2014年7月10日(木) 13時30分 理学館614

 異方的超伝導体はその表面に零エネルギーのアンドレ-エフ束縛状態をもつことが古くから知られていたが,近年,これがトポロジーの観点からも理解されるようになり,また,トポロジカル絶縁体との類似からトポロジカル超伝導体とも呼ばれるようにもなった.さらに,表面の零エネルギー状態はマヨラナ粒子として記述され,非可換統計に従うことが知られている.この性質を利用することで安定な量子演算が可能になると提案され,量子コンピューターの舞台としてのトポロジカル超伝導体の探索とその表面状態の制御が精力的に研究されている.

 一方,トポロジカル超伝導体は相転移の観点からも興味深い.トポロジカル超伝導体から従来型の超伝導体への転移はトポロジカル不変量が変わるという量子相転移であり,従来の対称性の破れを伴う転移とは異なった振る舞い,臨界性が期待される.我々は特に系の表面に着目し,トポロジカルな,あるいはそうではない相転移の性質を調べてきた.その結果,系の表面においてはトポロジカル量子相転移に2つの種類があることを見出した[1].また,ドープされたトポロジカル絶縁体におけるトポロジカル超伝導状態においては,トポロジカル不変量は変化しないものの,その表面状態のエネルギー分散の形状が変化する,すなわちリフシッツ転移が起こることを明らかにした[2].これらの転移およびその違いは表面において現れるものであり,表面敏感な物理量,例えばNS接合のコンダクタンスに顕著に反映される.

 後者の系は多くの実験が行われている.講演では,トンネル分光[2,3]と熱力学量[4]の計算と実験との比較から,実現している超伝導の対称性についても議論したい.

[1] AY, Y. Tanaka, and N. Nagaosa, Phys.Rev. Lett. 108, 087003 (2012).
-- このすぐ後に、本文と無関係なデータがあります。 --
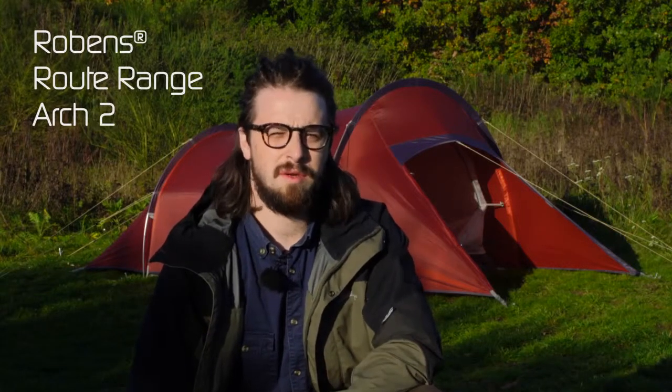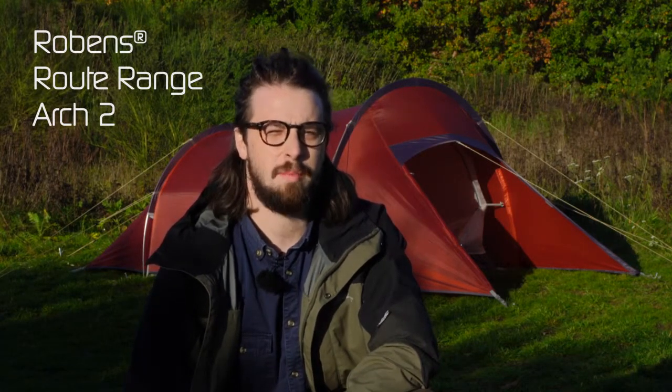Made with our new Hydrotex Core fabric and alloy poles, our new ARTS 2 is a great entry-level option for your trekking or bikepacking adventures.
[2] AY, K. Yada, M. Sato, and Y. Tanaka,Phys. Rev. B 85, 180509(R) (2012); Physica C 494, 20 (2013); AY, M. Sato, K.Yada, S. Kashiwaya, and Y. Tanaka, Phys. Rev. B 87, 100510(R) (2013).

[3] T. Mizushima, AY, M. Sato, and Y.Tanaka, arXiv:1311.2768; S.Takami, K. Yada, AY, M. Sato, and Y.Tanaka, J. Phys. Soc. Jpn. 83 064705 (2014).

[4] T. Hashimoto, K. Yada, AY, M. Sato,and Y. Tanaka, J. Phys. Soc. Jpn. 82 044704 (2013); arXiv:1405.6801.